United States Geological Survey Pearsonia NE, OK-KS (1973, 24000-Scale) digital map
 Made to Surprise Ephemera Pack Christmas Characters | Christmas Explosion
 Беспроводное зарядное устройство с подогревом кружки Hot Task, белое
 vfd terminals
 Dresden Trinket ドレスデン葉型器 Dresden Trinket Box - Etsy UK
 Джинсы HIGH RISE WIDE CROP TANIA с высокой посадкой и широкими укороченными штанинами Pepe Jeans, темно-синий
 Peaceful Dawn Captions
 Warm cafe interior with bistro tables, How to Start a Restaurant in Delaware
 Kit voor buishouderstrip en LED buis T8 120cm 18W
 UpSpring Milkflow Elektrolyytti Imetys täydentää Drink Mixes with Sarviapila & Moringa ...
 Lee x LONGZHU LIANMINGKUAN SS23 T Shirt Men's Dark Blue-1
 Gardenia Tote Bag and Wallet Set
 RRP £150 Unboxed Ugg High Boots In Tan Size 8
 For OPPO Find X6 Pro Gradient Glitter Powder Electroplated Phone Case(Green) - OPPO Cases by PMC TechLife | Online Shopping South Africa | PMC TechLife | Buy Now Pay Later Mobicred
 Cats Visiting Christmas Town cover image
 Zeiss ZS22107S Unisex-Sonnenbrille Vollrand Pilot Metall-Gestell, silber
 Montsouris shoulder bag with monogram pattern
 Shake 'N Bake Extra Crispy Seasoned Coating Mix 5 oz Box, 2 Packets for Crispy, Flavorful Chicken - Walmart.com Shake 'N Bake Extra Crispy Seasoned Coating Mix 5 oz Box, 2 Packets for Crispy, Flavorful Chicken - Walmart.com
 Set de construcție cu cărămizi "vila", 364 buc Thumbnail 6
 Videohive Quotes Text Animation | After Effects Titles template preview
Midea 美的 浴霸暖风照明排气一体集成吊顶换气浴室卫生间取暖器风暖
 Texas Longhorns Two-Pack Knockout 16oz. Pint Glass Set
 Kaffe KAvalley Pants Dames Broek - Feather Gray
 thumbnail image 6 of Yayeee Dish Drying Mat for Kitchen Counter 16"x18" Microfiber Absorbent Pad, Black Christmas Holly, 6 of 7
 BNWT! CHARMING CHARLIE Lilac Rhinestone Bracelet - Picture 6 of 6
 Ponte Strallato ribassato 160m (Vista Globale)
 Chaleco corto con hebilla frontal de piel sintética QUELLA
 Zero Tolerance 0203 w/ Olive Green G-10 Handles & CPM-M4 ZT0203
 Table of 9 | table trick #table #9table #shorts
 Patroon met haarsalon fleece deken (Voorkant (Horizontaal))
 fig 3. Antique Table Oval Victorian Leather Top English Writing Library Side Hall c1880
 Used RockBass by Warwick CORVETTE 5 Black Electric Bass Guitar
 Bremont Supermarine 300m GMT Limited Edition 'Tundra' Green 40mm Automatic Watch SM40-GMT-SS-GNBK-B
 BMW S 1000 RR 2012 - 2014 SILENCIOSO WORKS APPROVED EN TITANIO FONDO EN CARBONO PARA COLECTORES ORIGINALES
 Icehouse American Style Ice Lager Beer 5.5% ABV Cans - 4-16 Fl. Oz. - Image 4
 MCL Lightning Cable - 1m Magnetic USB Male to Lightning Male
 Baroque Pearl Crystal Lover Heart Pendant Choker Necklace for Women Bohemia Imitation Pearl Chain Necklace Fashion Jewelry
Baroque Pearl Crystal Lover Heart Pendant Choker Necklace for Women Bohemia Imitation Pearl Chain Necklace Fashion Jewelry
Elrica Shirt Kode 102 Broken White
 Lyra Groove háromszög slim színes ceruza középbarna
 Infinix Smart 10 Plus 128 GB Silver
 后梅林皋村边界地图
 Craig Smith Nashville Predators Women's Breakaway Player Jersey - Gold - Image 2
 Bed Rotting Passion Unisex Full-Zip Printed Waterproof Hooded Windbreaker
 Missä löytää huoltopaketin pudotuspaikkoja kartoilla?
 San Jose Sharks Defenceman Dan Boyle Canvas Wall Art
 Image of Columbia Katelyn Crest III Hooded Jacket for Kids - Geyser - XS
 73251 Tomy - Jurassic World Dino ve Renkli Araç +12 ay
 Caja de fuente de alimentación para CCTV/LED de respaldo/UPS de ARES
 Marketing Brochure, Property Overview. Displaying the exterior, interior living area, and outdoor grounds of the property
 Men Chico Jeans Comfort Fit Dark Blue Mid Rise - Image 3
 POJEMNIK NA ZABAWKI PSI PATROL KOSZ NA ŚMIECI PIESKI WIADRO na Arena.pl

• _EXERCISE_:
Copy out, from the material above, each line in which the string "Jeans" is found.

• _SOLUTION FOR THIS PROBLEM_:
 Джинсы HIGH RISE WIDE CROP TANIA с высокой посадкой и широкими укороченными штанинами Pepe Jeans, темно-синий
 Men Chico Jeans Comfort Fit Dark Blue Mid Rise - Image 3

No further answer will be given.